As you can see, my HashMap has multiple duplicate keys because I must not understand how containsKey works. I have two ideas to resolve my issue:
firstly, and more cave-manish, is to simply iterate over the keySet(), manually compare the Vertex's names, and combine the .get()s, or
update addVertex or addEdge, whichever is the primary offender, to recognize duplicate keys.

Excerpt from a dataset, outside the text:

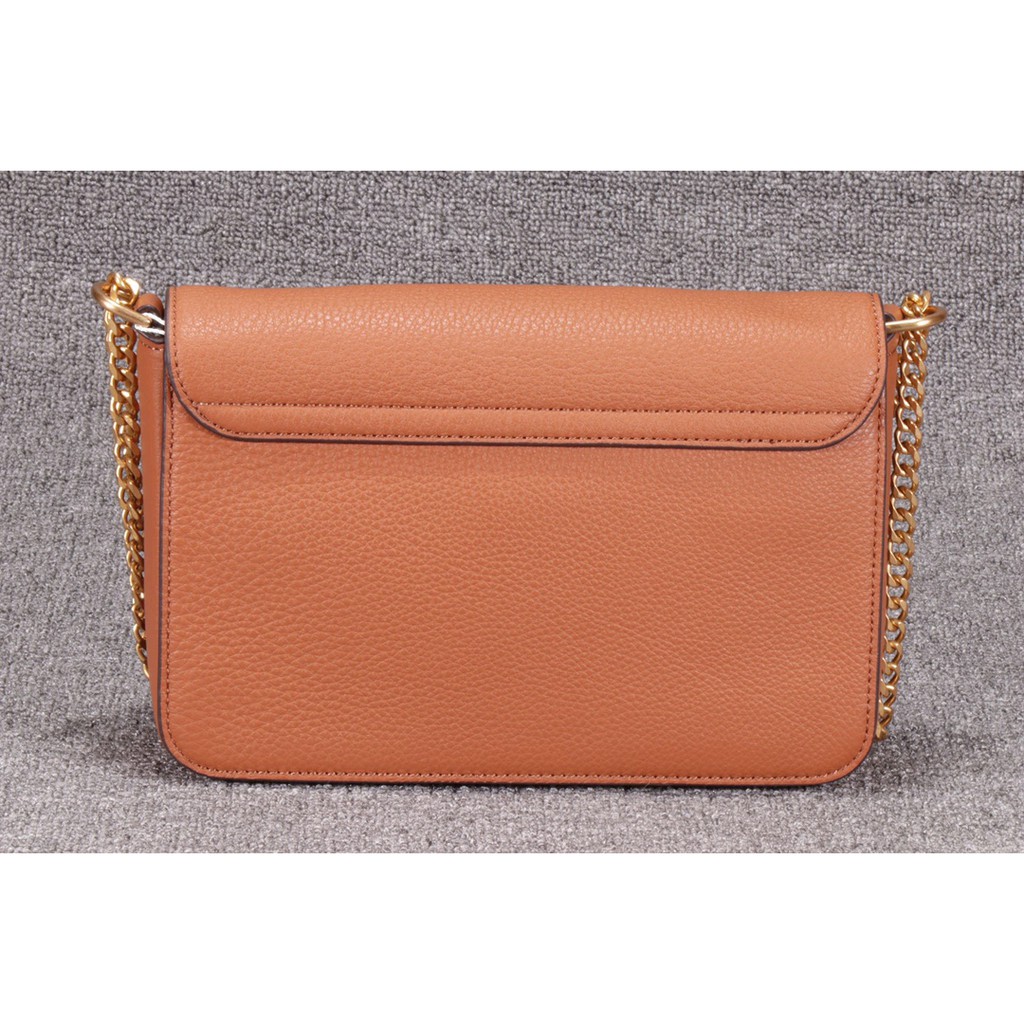 Ori TB litchi pattern head layer cowhide material ladies shoulder bag messenger bag chain bag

I'm not sure how to do either, so a shove in the right direction would be most helpful.


Solution

  • HashMap uses hashing function to calculate indices for objects used as key. For this functionality to work properly you need to provide both equals() AND hashCode() functions for class that instances of you plan to use as keys in your hash map.
    That means you need to override public int hashCode() method that's now inherited straight from Object superclass, and put there some calculations that will return the same integer for objects that are considered 'equal'. Fortunately you compare Strings as this criteria so you can use String method hashCode resulting with:

    @Override
    public int hashCode() {
        return s.hashCode();
    }
    

    Second problem that I previously missed is your implementation of equals() is wrong. You should override Object's equals() which has a signature public boolean equals( Object o ) and you implemented it with Vertex as an argument, which caused that while adding to hashmap Object's equals was used, as you didn't override by overload equals. That's one of the reasons that annotation @Overrideshould be used, compiler would tell you that you don't override anything and you would know that you're doing something wrong. Now, going back to how to implementequals` properly....

    @Override
    public boolean equals(Object o) {
        if( o instanceof Vertex ) {
            return s.equals((( Vertex)o).getName());
        } else { 
            return false;
        }
    }
        
    

    Now instances of Vertex will behave properly when used as key in hash map.

    As a side note, putting all the logic, including opening, parsing file in constructor is a little too much to my taste, consider splitting it into some methods instead.